The key here is the phrase "a concerted set of messages aimed at influencing the opinions or behavior of large numbers of people". Propaganda is regularly unleashed on the American public by politicians and special interest groups, it is not just the property of an amorphous "enemy". Furthermore, calling what the US Government, as a whole, produces Strategic Communications" is somewhat of a misnomer - Brownian Semantics (aka mindlessly wandering all over the semantic map) would be a better term .
Abdul, you raise a good point, but let me toss one back at you. Part of becoming an American involves adopting certain attitudes and perceptions (it's one of the reasons why I won't take out US citizenship - I'm an inveterate monarchist ). These perceptions and attitudes fit in with that idea of "a concerted set of messages aimed at influencing the opinions or behavior of large numbers of people" or propaganda.
Now, I'm not saying that that means that you, or anyone else, has to adopt specific attitudes towards specific events (like believing that the Iraq war is a "just war"). Those types of specifics aren't required by the oath of citizenship, and propaganda aimed at establishing them is certainly subject to question. At the same time, the de facto restrictions imposed by current understandings of S-M have a tendency to muzzle one source of "facts" in an ongoing discussion in US society - something that actually is against the attitudes implicit in the oath of citizenship.

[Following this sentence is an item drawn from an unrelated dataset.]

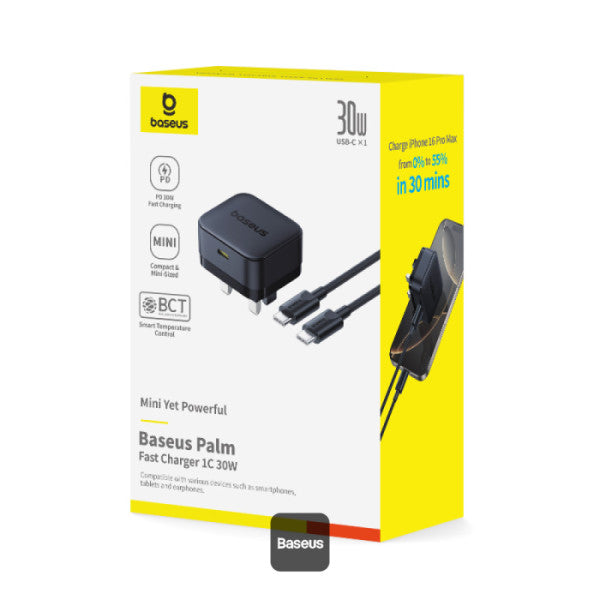 Baseus Palm 30W PD Type-C Fast Charging Wall Charger - UK Plug with Ultra Fast Charging Type-C to Type-C Data Cable 1M - Black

This is even worse when you get into the problem of language (something Canadians know all about !). The founding fathers of the US assumed that all public discourse would always be in a common language and that citizens would learn that common language. For a whole slew of historical reasons, there are now large parts of US society who do not speak English (the assumed common language) well enough to fulfill their obligations as citizens so there is a real problem. In Canada, we solved this partly by adopting a policy of official bilingualism (read "illiterate in both official languages" ). In the US, language is still a hot button issue and I doubt that we will see an official bilingual (or multi-lingual) policy at the federal level. So, how are citizens going to fulfill their obligations if they can't access large parts of the debate?